Wait just a second there. The OP is claiming that he was told a LEO gave someone a break if they let them hunt on the property. You're apparently saying that a DNR staffer goes to ask permission in his uniform/work clothes and vehicle. COMPLETELY different than what the OP said...at least if I understand what you're saying. Let me ask you this...if you were a DNR staff person, or a conservation officer, or a police officer, wouldn't you go to ask permission that way? I know I would, because you would be approaching them with an immediate sense of credibility and trust. BIG ADVANTAGE. If you worked in those fields, why not use it to your advantage? What's unethical or wrong with that? Again, the OP had an entirely different argument...using their employment to cut someone a deal in order to gain access...that would not be ethical.


----------



## hunting man (Mar 2, 2005)

I feel the police officer did something illegal. If he is a state trooper that's a big no no and in the rules. You hunting on the west side of the state by any chance? Might be some of his crew on this site as members


----------



## waxico (Jan 21, 2008)

As a taxpayer I'm outraged, elbowing out a civilian on taxpayer's dimes.

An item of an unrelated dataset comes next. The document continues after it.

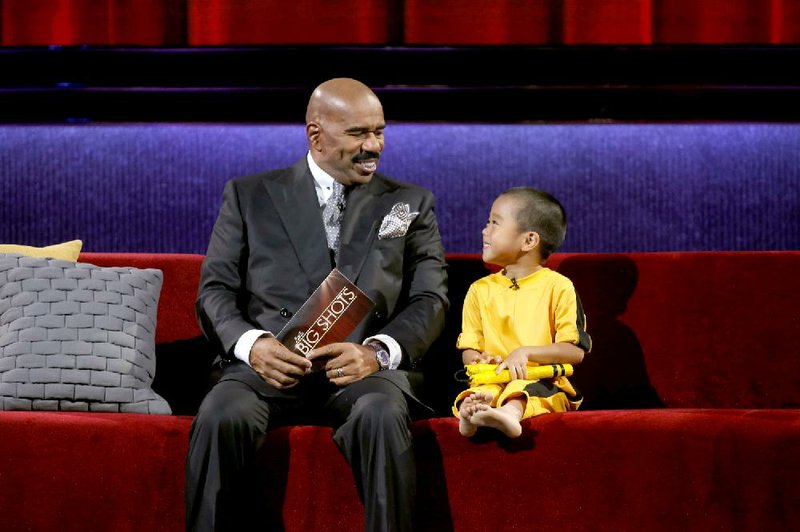 Host Steve Harvey chats with pint-size nunchucks master Ryusei Imai on NBC’s new Little Big Shots.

I've been reading disturbing trends about LEOs taking liberties lately...


----------



## just ducky (Aug 23, 2002)

waxico said:


> As a taxpayer I'm outraged, elbowing out a civilian on taxpayer's dimes.
> 
> I've been reading disturbing trends about LEOs taking liberties lately...


IF...and I say IF, the LEO cut someone slack in order to get access to a property, I agree with you Jerry. But if I guy is a trooper/CO, gets off work and on his way home (in full work clothing) stops to ask permission, no foul in my mind. In fact I wish I had that advantage....


----------



## fishineveryminuteofit (Mar 31, 2011)

not even considering the pull over story, I know that if i went looking for property for my benifit, wearing dept issued uniforms, or driving my cruiser (especially on the clock), I guarantee my LT would discipline me if not find a new officer to replace me. I would definately say it is unethical. I would never think about doing it. Then again, not everyone is ethical. We all know the stories. Sorry about your experience, not all cops are a-holes.


----------



## TSS Caddis (Mar 15, 2002)

I would not feel comfortable making the leap that the farmers was let off for a seat belt violation in turn for hunting. The LEO could very well have been already planning on letting him off and noticed the address. Like Dead Short said though, a big no no in order to avoid any perception of inpropriety such as in this case.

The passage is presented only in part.